- Problem statement -
Please copy the data below exactly; none of the pictures in it belong in the copy.

-- Data block follows --

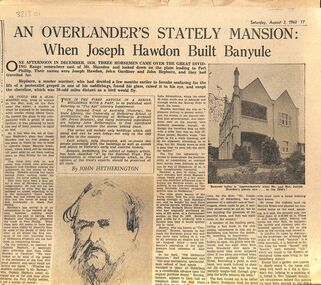 Article - The Age - Buildings With A Past Series, 1963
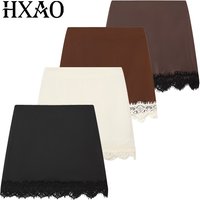 HXAO Women's Lace Satin Skirt Shorts Summer 2026 Elegant White Black Brown Dark Brown Culottes Fashion Mini High-Waist Culottes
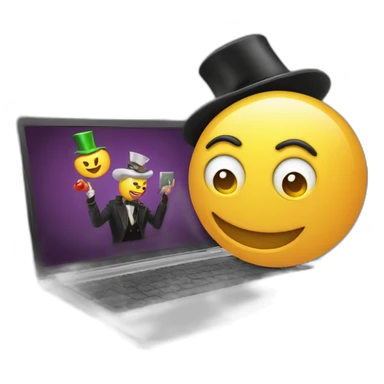 magician programming a laptop with an emoji of a truck on the laptop screen sticker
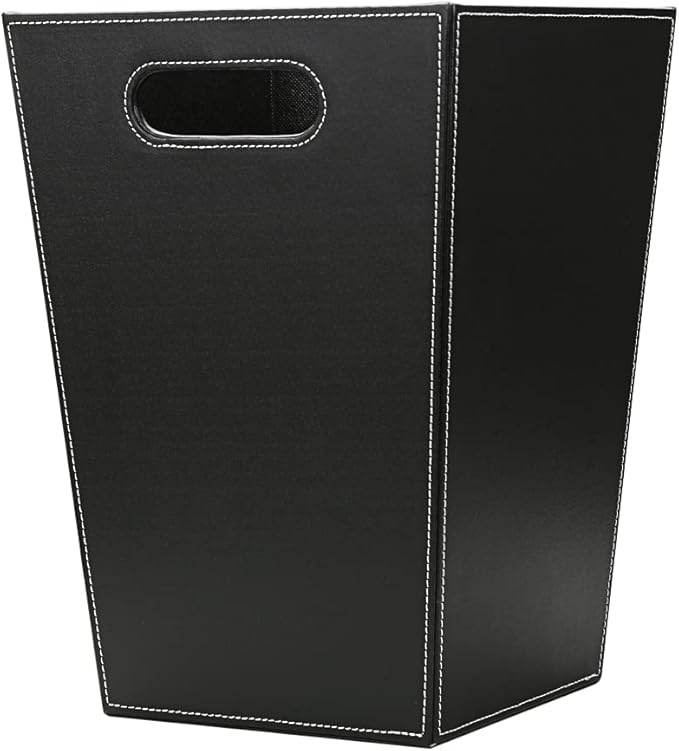 KINGFOM Classic Pu Leather Trash Can Wastebasket, Garbage Container Bin - Image 8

-- Data block concluded --

- Answer space -
 Article - The Age - Buildings With A Past Series, 1963
 HXAO Women's Lace Satin Skirt Shorts Summer 2026 Elegant White Black Brown Dark Brown Culottes Fashion Mini High-Waist Culottes
 magician programming a laptop with an emoji of a truck on the laptop screen sticker
 KINGFOM Classic Pu Leather Trash Can Wastebasket, Garbage Container Bin - Image 8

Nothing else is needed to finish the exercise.